An earthquake results from sudden slip on a geological fault. [HN10] Such fracture and failure [HN11-13] problems are notoriously intractable. The heterogeneous state of the Earth and the inaccessibility of the fault zone to direct measurement impose further difficulties. Except during a brief period in the 1970s (2), the leading seismological authorities of each era have generally concluded that earthquake prediction is not feasible (3). Richter [HN14-15], developer of the eponymous magnitude scale, commented as follows in 1977: "Journalists and the general public rush to any suggestion of earthquake prediction like hogs toward a full trough... [Prediction] provides a happy hunting ground for amateurs, cranks, and outright publicity-seeking fakers" (4). This comment still holds true.

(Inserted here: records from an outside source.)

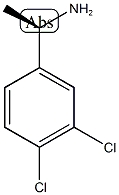 150520-10-8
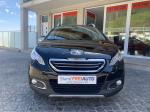 peugeot-2008-2016-diesel-1560cc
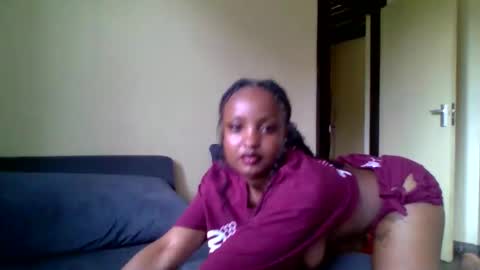 sexxy_daisyy online show from January 2026 06:28:01 AM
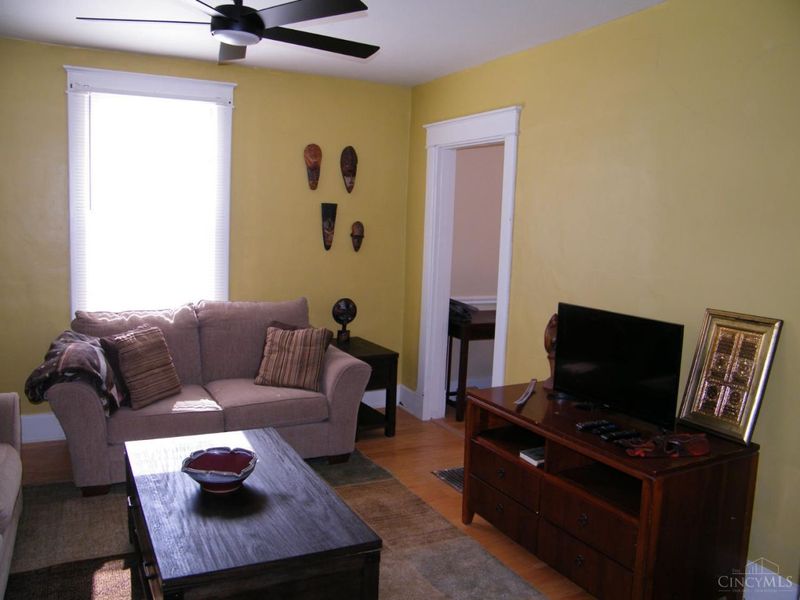 6953 Noble Avenue, North College Hill, OH 45239 Photo 4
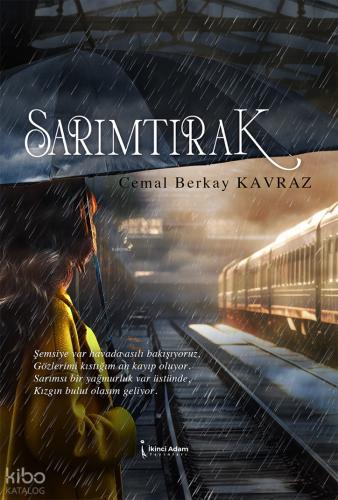 Şehadet Kitap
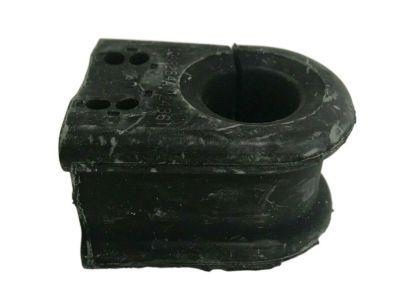 Jeep Sway Bar Bushing - 52088284AD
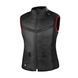 Жилет із електропідігрівом Shima PowerHeat Vest LADY S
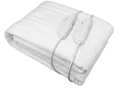 Produktbild: MEDISANA HU 676 Kingsize Wärmeunterbett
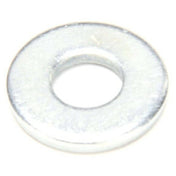 Southbend 1146505 Washer 5/16 Flat Uss Zi Nc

For large earthquakes to be predictable, they would have to be unusual events resulting from specific physical states. However, the consensus of a recent meeting [HN5] (5) was that the Earth is in a state of self-organized criticality [HN16] where any small earthquake has some probability of cascading into a large event. This view is supported by the observation that the distribution of earthquake size (see figure) is invariant [HN17] with respect to scale for all but the largest earthquakes. Such scale invariance is ubiquitous in self-organized critical systems (6). Whether any particular small earthquake grows into a large earthquake depends on a myriad of fine details of physical conditions throughout a large volume, not just in the immediate vicinity of the fault (7). This highly sensitive nonlinear dependence of earthquake rupture on unknown initial conditions severely limits predictability (8,9). The prediction of individual large earthquakes would require the unlikely capability of knowing all of these details with great accuracy. Furthermore, no quantitative theory for analyzing these data to issue predictions exists at present. Thus, the consensus of the meeting was that individual earthquakes are probably inherently unpredictable.

Figure 1
Critical quakes. Number of earthquakes from 1 January 1977 to 30 June 1996 in the Harvard catalog [HN27] (24) with magnitude greater thanM for shallow (0 to 70 km), intermediate (71 to 300 km), and deep (301 to 700 km) earthquakes. Dotted lines are power-law curves modified by an exponential taper for the largest magnitudes [equation 3 of (8)]. Analyses of smaller earthquakes show that self-similarity extends to magnitudes as small as zero (25). Such power-law curves are characteristic of systems in a state of self-organized criticality.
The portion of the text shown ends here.